CD化された時に、直ぐに買った記憶がありますが見つかりません…。
TidalやQobuzでも聴けるのでまあ、良いのですが。
1960年代後半、サイケデリックの嵐が吹き荒れる音楽シーンに、彗星のごとく現れて消えた一人の天才少女がいました。わずか11歳にして、大人のシンガーを凌駕するほどの歌唱力で録音されたアルバム。
しかし、そのレコードは発売直後にレーベルが倒産するという悲運に見舞われ、長らく「幻の名盤」として語り継がれてきました。今回は、そんなリサ・ミラー (Lisa Miller) の唯一のアルバムを紹介します。
Lisa Miller - Within Myself
Canterbury - CLPS-1503

本作の主役であるリサ・ミラーは、決して単なる早熟な子供ではありませんでした。
彼女の母ケイ・ルイス (Kay Lewis) と叔母ヘレン・ルイス (Helen Lewis) は「ルイス・シスターズ」として活動するソングライター兼シンガーであり、リサは音楽一家に生まれ育ちました。その才能は早くから開花し、わずか8歳でモータウン (Motown) 傘下のVIPレーベルと契約、「リトル・リサ (Little Lisa)」としてシングルをリリースしています。
このアルバムが録音されたのは1967年。当時、彼女の母と叔母は、マテル社(バービー人形で有名)の創業者夫妻の息子、ケン・ハンドラー (Ken Handler) が設立したカンタベリー・レコード (Canterbury Records) でA&Rディレクターを務めていました。その縁でリサはレーベルと契約し、本作が制作されることになります。アルバムの楽曲とプロデュースのほとんどは、彼女の母と叔母が手がけました。

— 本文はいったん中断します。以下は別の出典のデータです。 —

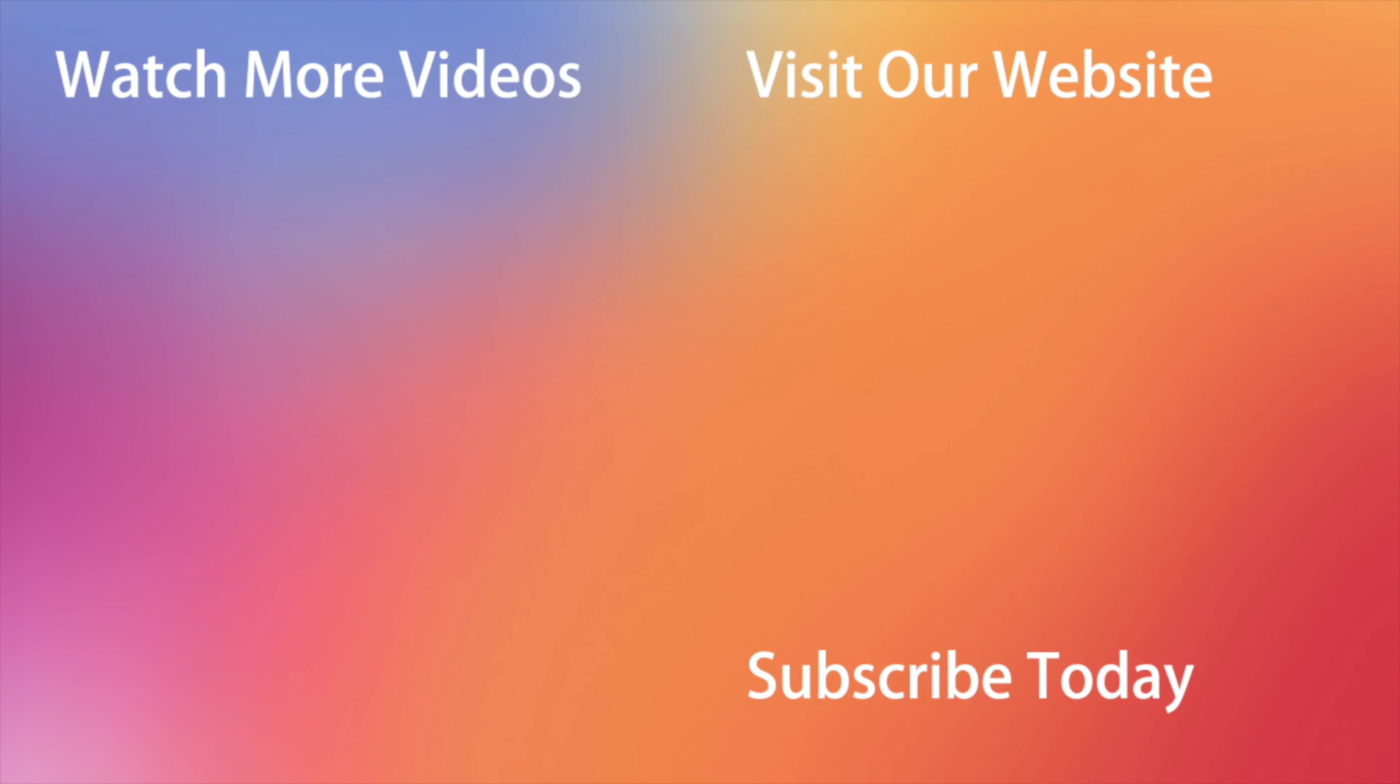But what if you accidentally forget the passcode from the restrictions option on your device? Well, no worries, as today we're going to share with you these helpful tips which will allow you to reset and turn off the time limit function on iPhone without a password. Let's get started!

サウンドは、当時の流行であったサンシャイン・ポップとサイケデリアが融合した、きらびやかで洗練されたものです。しかし、このアルバムを唯一無二の存在にしているのは、リサの驚異的なボーカルに他なりません。11歳とは思えない力強く豊かな声で、複雑なメロディを堂々と歌い上げています。
しかし、この野心的なアルバムの運命はあまりにも残酷でした。
リリースからわずか数週間でカンタベリー・レコードが倒産。プレスされたレコードのほとんどはプロモーション盤として配布されたのみで、一般市場に出回ることはほぼありませんでした。こうして、本作は発売と同時に「失われた名盤」となったのです。
Fool On The Hill (Beatles)や、White Rabbit (Jefferson Airplane)のカバーもありますが、アルバムのタイトル曲でもある"Within Myself"が個人的なハイライトです。